Happy New Year!
I’m bridging a bit of Cyclista Zine into this blog and I hope you all don’t mind. Today’s post is about how I am carrying a new outlook into the new year as I work on cultivating a space for radical bike joy this season. Part of cultivating bike joy is rewriting the narrative and that includes the narratives we tell about our bodies. This time of year is difficult for folks to navigate resolutions for body centric metrics. It’s bad enough that bike media and influencers are pushing “off season” fitness messages, so my message to you is to distinguish what is holisitic and healthy for you. Including unfollowing some of your favorite influencers who push these messages!
While the impacts of these messages are harmful and fatphobic, the impacts can lead to body image issues, eating disorders, and lack of representation of diverse bodies on bikes. While body diversity needs to be centered in bike culture, people can’t fathom body diversity in sport and fitness, let alone fathom that non-abled or larger bodies can ride a bike and be healthy!
We don’t need patriarchal body values being perpetuated in cycling and beyond. Our body does not need to change or stay in shape to cycle all year long. And I find it inherently ableist to push messages that people’s bodies and mental health need to be worked on for the purpose of extraction constantly.

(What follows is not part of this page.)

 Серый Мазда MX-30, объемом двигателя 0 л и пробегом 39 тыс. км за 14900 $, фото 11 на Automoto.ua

So, my goal this year is to tackle topics of fatphobia and ableism. Both are inextricably linked but the way they are represented in cycling are totally different, and finding radical bike joy comes in many forms of pleasure activism, anti-racism, and liberation. All bodies belong on bikes if they so please and all bodies deserve access to joyful movement without the harsh realities of fatphobia, weight bias, ableist bias, racial bias, and mental health stigma.

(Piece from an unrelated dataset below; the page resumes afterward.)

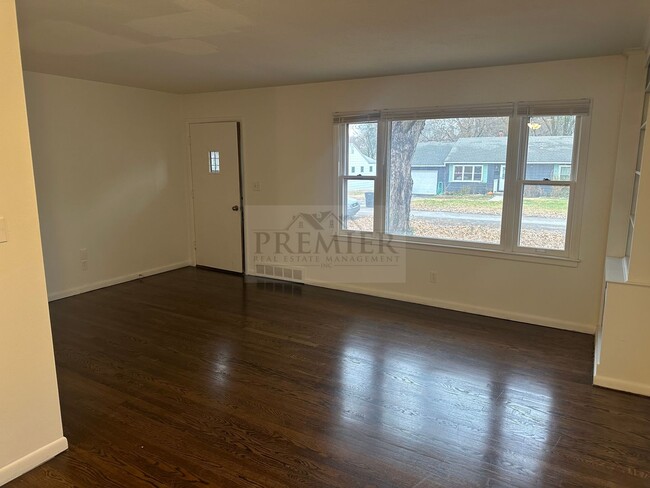 Building Photo - 2712 S Glenwood Ave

Despite our ‘good intentions’ and ideas as ‘good’ people to talk about how “all bodies belong on bikes”, our biases affect the way we engage with people and creating an inclusive space will continue to challenge us to unlearn our biases.
So remember that your body is not an apology, it is not to be fixed because society tells you. You are worthy of rest, nourishment, and love for simply existing.
I look forward to sharing more of this work with you in the new year.